4L60E Transmission Rebuild Tips
These are some general 4L60E transmission rebuild tips and tech info that you can use during your build.
Bellhousing bolts.

Most 4L60E transmissions will have torx head bolts holding the bellhousing against the case. You will need a Torx Plus 50 bit to remove them. A regular Torx 50 bit will not work properly.

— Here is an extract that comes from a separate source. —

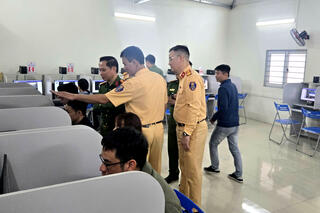 <a href="/tin-tuc-su-kien/tin-hoat-dong" title="Tin hoạt động" rel="dofollow">Tin hoạt động</a>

Later model 4L60E transmissions (2009 and up) will have Mortorq head bolts holding the bellhousing against the case. The picture on the is for illustrative purposes only. You will need a Mortorq MTS 4 socket.
Stripped bolts – If you use the wrong bit or even when using the correct one, there is a real possibility the head bolt will strip. To prevent this, you can heat up the bellhousing if they don’t come out with an impact right away. You can use a portable torch and heat up the bellhousing where the bolts thread into.
If the bolts strip, you can use a bolt extraction kit, drill out the head with a 3/8 bit, a 3/8 rivet removal tool of your choice, or 3/8 spot weld cutter to drill out the bolt head.

Snap Ring Pliers and tips
You will need a set of snap ring pliers mainly for the snap rings holding the output shaft, spring cages, TCC and Boost valves in the pump.
TIP: You can also use these to compress the anti clunk spring if you are unable to remove the center support during disassembly.
Snap Ring Removal tips
Safety First: Always use protective eye gear when removing snap rings. Here are some tips if you are having trouble removing one of the snap rings.
Output shaft snap ring: Set the transmission on its side. If you cannot get it out with the pliers alone, open up the snap ring using the pliers and while holding it open, use a 90 degree pick to grab the snap ring and pull it out to get it out of the groove.
Low reverse piston ring: If you cannot get it out with the pliers alone, open up the snap ring using the pliers and while holding it open, stick a long straight pick to keep it out of the groove. With the straight pick still in place, use a 90 degree pick to grab the snap ring and pull it out to get it out of the groove.
TCC and Boost valve snap rings: If you cannot get it out with the pliers alone, stick a straight pick into one hole of the snap ring to hold it in place. Use another pick (can be a 90 degree pick) to stick in the other hole of the snap ring and pull on it in the direction of the straight pick, and pull it out.
4L60E Transmission Rebuild Tips – Disassembly

Stuck anti clunk spring – Once you have remove the snap ring, if you cannot dislodge the center support by pushing on the output shaft, you may need to compress the anti cluck spring using a set of snap ring pliers, and hold it like that while you hit the output shaft with a rubber mallet.
Stuck input drum – sometimes the input drum gets stuck and cannot be removed just by pulling it out. This usually happens when the 3-4 clutch pack burns up and the transmission is still driven like that for a while. The high temperature from all the friction material being gone, causes the steels to weld together and sometimes weld to the input hub. If this happens, try removing the band and the reverse input drum (using a 90 degree pick). Then use a couple of bolts to put the bellhousing back on. Use some carboard on the floor, flip the transmission so it is sitting on the bellhousing. Lift it up 2-3 inches and let it drop. You might have to do this a few times to get the input drum to dislodge.
Watch this video explaining the process to free up a stuck input drum.
4L60E Pump related tools
Pump removal
Clad seal case pumps are usually easier to remove than O ring seal pump cases. You can usually use a long screwdriver or pry bar to separate the pump from the case. Stick the screwdriver/pry bar in under the area where the filter goes into the pump, but make sure to slide it further in before attempting to pry the pump out. Don’t do it on the edge of the pump or you can break the small piece off. You can also insert your tool of choice in the area where the gear selector goes to pry it off. If that does not work, the you can use a tool like the one in the picture.

Pump Clearance
Always check pump clearance using a strait edge and feeler gauge. This is especially needed if the pump rotor or slide broke. If you replace the rotor and slide, but the clearance is out of specifications, then you run the risk of it breaking again due to excessive clearance.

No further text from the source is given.